También es frecuente encontrarse con discursos que tachan a los filtros químicos de ser disruptores hormonales o cancerígenos. Sin embargo, dermatólogos y organismos reguladores como la FDA mantienen que los ingredientes autorizados son seguros tras pasar pruebas muy estrictas. La desinformación suele mezclar conceptos complicados para asustar al personal, afirmando incluso que los protectores son más peligrosos que el propio sol, una idea que no se sostiene bajo ninguna evidencia científica actual.
La verdad tras la polémica del benceno
Seguro que has oído hablar de la contaminación por benceno en algunas marcas, un tema que corrió como la pólvora en 2021. Es importante aclarar que aquello fue un problema puntual en el control de calidad de lotes específicos de sprays y no un riesgo inherente a todos los protectores solares del mercado. No es que los ingredientes de la crema sean malos de por sí, sino que hubo fallos en la fabricación de algunos productos concretos que ya fueron retirados.
Del mismo modo, existe una confusión habitual entre los filtros físicos (o minerales) y los químicos. Algunos influencers aseguran que solo los minerales son seguros porque los químicos se absorben, pero la realidad es que ambos mecanismos actúan de forma similar absorbiendo los rayos UV para proteger la dermis. Elegir uno u otro debería depender más de la comodidad y el tipo de piel de cada uno que de miedos infundados sobre su supuesta toxicidad, ya que lo importante es que el protector sea agradable para que no nos dé pereza usarlo.
Responsabilidad compartida frente a la desinformación
Los expertos señalan que no toda la responsabilidad debe caer en el usuario que consume estos vídeos. Las plataformas como TikTok tienen un papel crucial para asegurar que sus algoritmos no den alas a ideas dañinas solo porque sean populares o generen debate. Es fundamental que las autoridades sanitarias empiecen a hablar el idioma de las redes sociales para competir con estos bulos, adaptando sus mensajes a formatos más breves y visuales que realmente enganchen a la audiencia más joven.

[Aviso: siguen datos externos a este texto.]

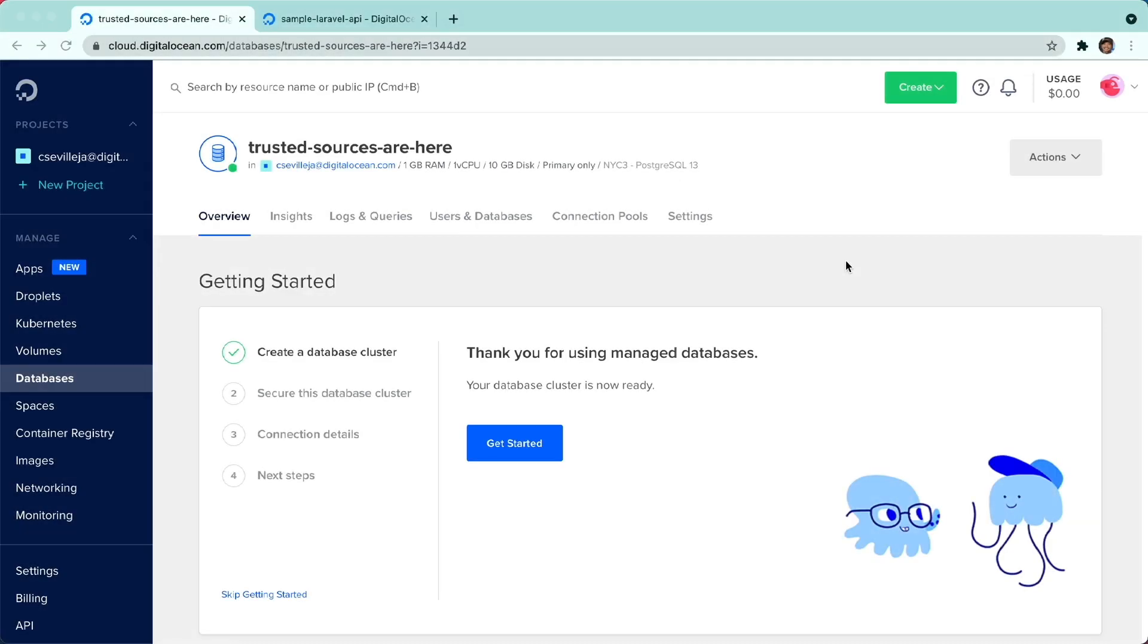Hey everybody, in this video, I want to go over a new feature. We now have the ability to add trusted sources to DigitalOcean databases to your app platform applications. This is a highly requested thing. So let's look at how it's done.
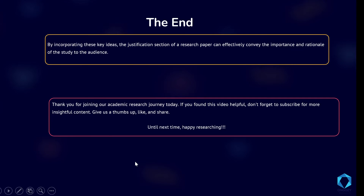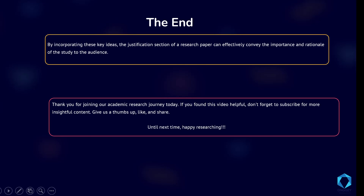We have come to the end of today's session. I hope you are going to incorporate these key ideas in your justification section to ensure that you convey the importance and the rationale of your study to the audience. Thank you for joining our academic journey today. If you have found this video useful, kindly don't forget to subscribe for more insightful content. Give us a thumbs up, like and share. Until next time, happy researching. I am Lucy Wanjiro, your research assistant. Adios.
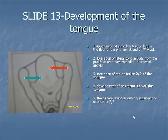Item 5: the general mucosal sensory innervation of the anterior two-thirds of the tongue, derived from the first arch, is carried by the lingual branch of the trigeminal nerve, the nerve of the first pharyngeal arch. The chorda tympani branch of the facial nerve, the nerve of the second pharyngeal arch, supplies the taste buds of the anterior two-thirds of the tongue, except the vallate papillae.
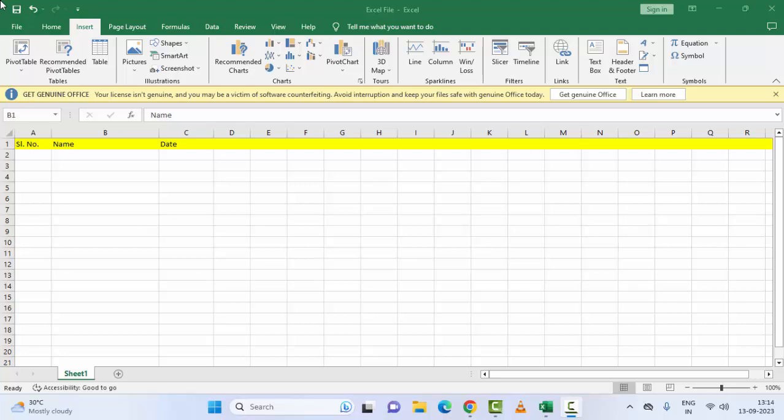Hey guys, welcome back. Today in this video I will show you how to fix Microsoft Excel not scrolling smoothly on your Windows PC and laptop. The first method is to restart your PC.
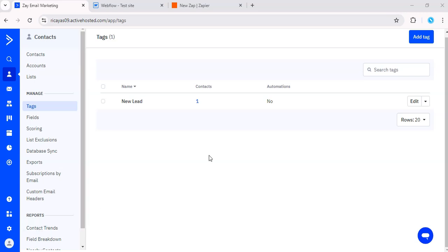We're starting here in ActiveCampaign. Imagine managing a blog and you want to automatically update specific blog posts when a contact in your CRM is tagged as a new lead. This tag might be added when someone subscribes to your newsletter, fills out a form, or engages with your content.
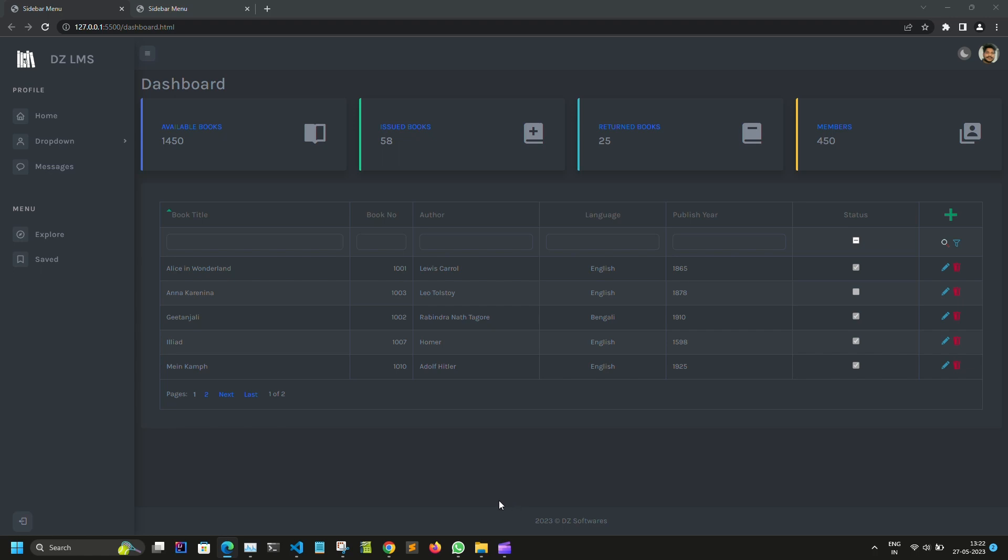Hi friends, this is a responsive admin dashboard developed with Bootstrap and jQuery. The dashboard is fully responsive.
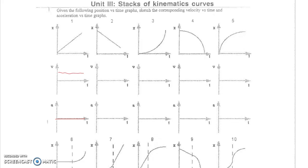We can do a similar analysis with this position versus time graph. We have a negative change in position at a constant rate, so velocity is a constant negative value. Our position is getting more and more negative, headed in the negative direction, so velocity is negative. We have a constant negative slope, so constant negative velocity, and since velocity is constant, acceleration is again zero.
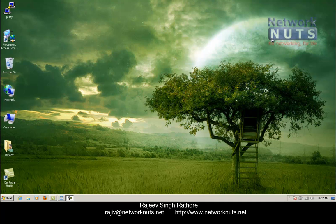Today I am going to show you a very good feature of Windows 7 Operating System. This feature gives you the ability to include multiple clocks in Windows 7 Operating System, and every clock can have a different time zone.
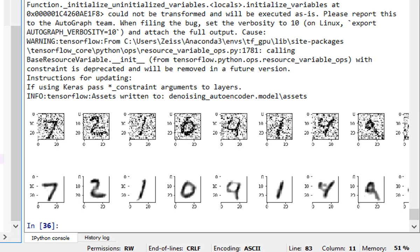So this hopefully demonstrates how autoencoders can be used to denoise images. Now, in this case, we added artificial images. So let's, in the next tutorial, look at custom images, in fact, collected on a microscope, and then train the system, and using pretty much the similar structure, let's train it, and then let's see how we can actually denoise those images.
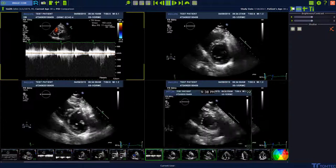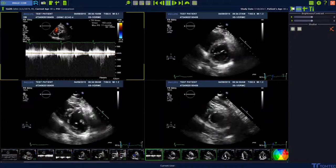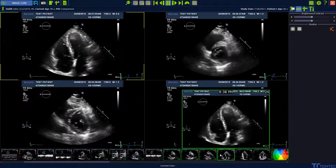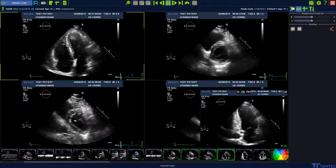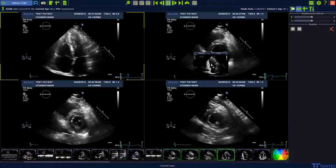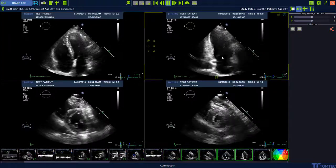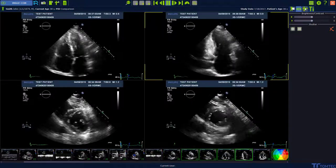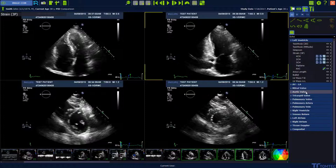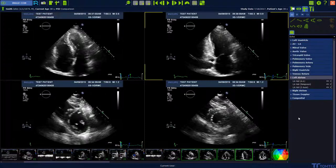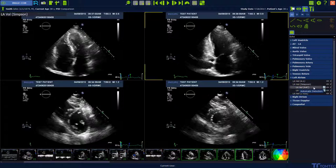To start the analysis, we drag and drop an apical 4-chamber view and a 2-chamber view in the workspace. Then select the measurement package, and here the left atrium, and under the left atrium we find left atrium volume Simpson analysis.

En un momento en el que los casos de cáncer de piel siguen subiendo, es vital desconfiar de los contenidos que buscan provocarnos miedo o que prometen soluciones milagrosas fuera del consenso médico. La mejor herramienta que tenemos para disfrutar del verano sin sustos sigue siendo la información contrastada, recordando que el mejor protector es aquel que te aplicas a diario y en la cantidad suficiente. Al final, se trata de no dejarse llevar por el ruido de un vídeo viral y priorizar la salud de nuestra piel por encima de las modas pasajeras o las teorías de conspiración que circulan por internet.